Wednesday, April 2, 2008
Not a whole food
It's especially difficult in this culture to eat a whole foods diet, especially since most foods are refined in some way. Take whole wheat flour for example: conventional milling opens the grain, removes the germ and takes the endosperm away to be ground. The machines then put the pieces back together again in proper quantities to create flours with the right characteristics to create yummy, risen loaves. Grinding your own wheat still involves some processing because you take the whole kernel crush it. Granted, this process isn't nearly as detrimental as making something like corn syrup, a product whose creation cannot be reproduced in your own home but grinding wheat kernels into flour still exposes the vitamin and enzymes to air, leading to oxidation and denaturation of proteins. In fact, any food processing, such as cooking, baking or cutting in some cases, can lead to loss of nutrients. However, counting the minute loss of certain B vitamins when sauteing kale as a tragedy and pursuing an extremist raw food diet is not the answer either. Eating in such a way that the food is as whole and unadulterated as possible, while still loving the process of preparing and eating is the key to a healthy happy relationship with food and a healthy happy body.
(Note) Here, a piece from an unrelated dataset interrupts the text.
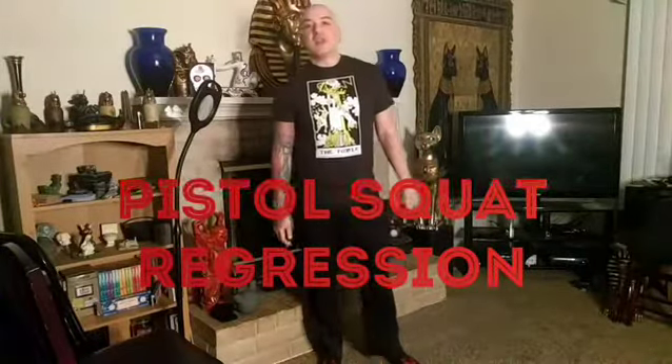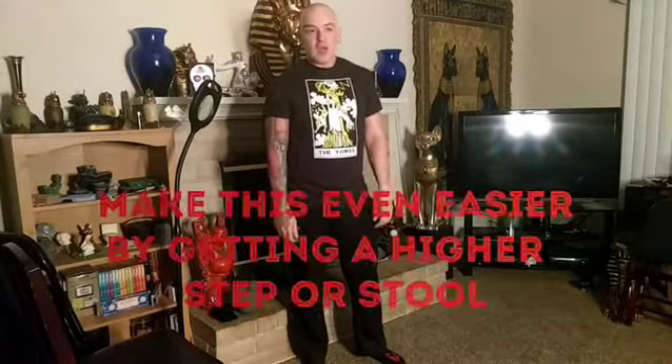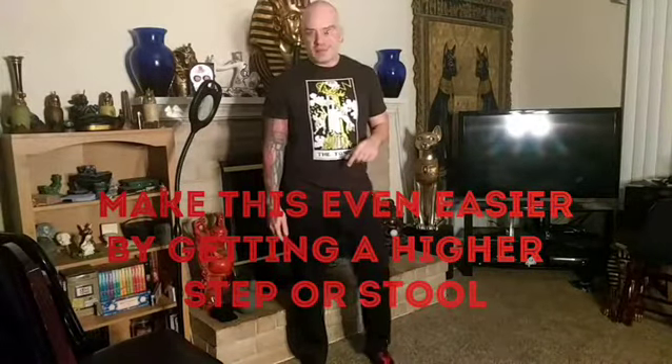Hi, this is Mike with Better Stronger Faster Fitness. Today I'm going to talk to you about the Pistol Squat. The Pistol Squat is a very hard bodyweight exercise, and I'm going to give you a regression for that squat. The regression will help you to work your way up to the squat if the full thing is unavailable to you.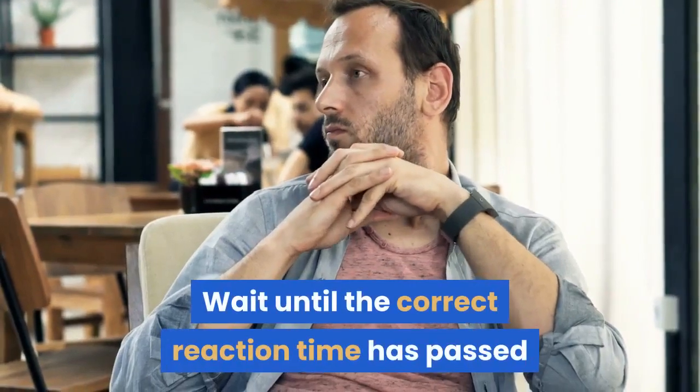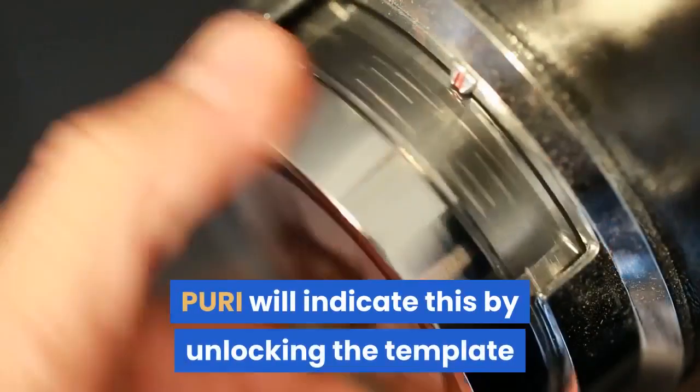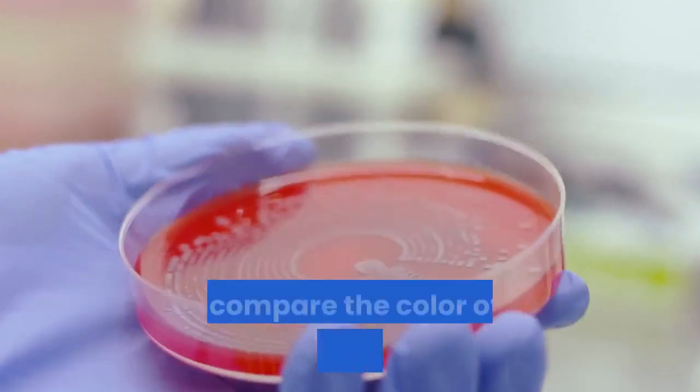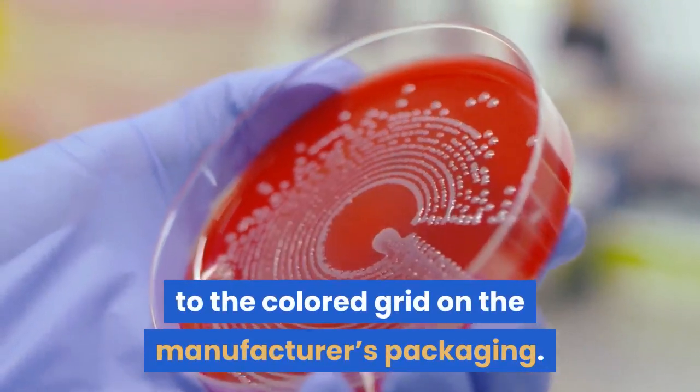Wait until the correct reaction time has passed before reading your strip. Puri will indicate this by unlocking the template so you can enter results. When the reaction time has passed, follow the manufacturer's instructions and compare the color of the reagent pads on the strip to the colored grid on the manufacturer's packaging.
This of course brings us to the faux Silk Creamer shown at the top of the page. I must have picked it up and put it down four times before purchasing it, and you know what, it actually tastes pretty decent. It will never, ever, in any way be true cream, but it's much better in tea than the hemp milk fiasco. Nothing makes a morning like having your "milk" curdle in your tea when your groggy and grumpy already. But purchasing such a product, whose ingredients include soymilk, palm oil, maltodextrin, cane juice, soy lecithin, potassium phosphate, sodium citrate, tapioca starch, natural flavors, and carageenan goes blatantly in the face of the whole foods philosophy which I hold so dear. As with so many other areas of life, moderation in all things, including moderation. Perhaps someday I will be able to give up my tea with cream and honey, but today is not that day. Having such a small, yet vital fragment of my former life makes me happy and so, let them drink tea!